◆ Data to examine:
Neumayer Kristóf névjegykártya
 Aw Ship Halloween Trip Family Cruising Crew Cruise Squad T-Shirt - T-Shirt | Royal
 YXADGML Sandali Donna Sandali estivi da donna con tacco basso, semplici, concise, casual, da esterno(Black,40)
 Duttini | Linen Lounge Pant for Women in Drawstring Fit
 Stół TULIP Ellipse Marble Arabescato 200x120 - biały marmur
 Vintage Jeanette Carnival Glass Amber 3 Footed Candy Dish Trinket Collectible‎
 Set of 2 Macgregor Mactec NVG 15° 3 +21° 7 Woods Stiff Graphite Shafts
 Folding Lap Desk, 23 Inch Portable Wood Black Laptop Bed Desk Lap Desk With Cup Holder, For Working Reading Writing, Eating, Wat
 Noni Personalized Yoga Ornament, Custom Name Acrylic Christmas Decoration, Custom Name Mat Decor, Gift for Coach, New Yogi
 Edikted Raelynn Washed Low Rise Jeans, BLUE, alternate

◆ Exercise goal:
All lines in the records with the string "Black" should be copied out.

◆ Task answer:
 YXADGML Sandali Donna Sandali estivi da donna con tacco basso, semplici, concise, casual, da esterno(Black,40)
 Folding Lap Desk, 23 Inch Portable Wood Black Laptop Bed Desk Lap Desk With Cup Holder, For Working Reading Writing, Eating, Wat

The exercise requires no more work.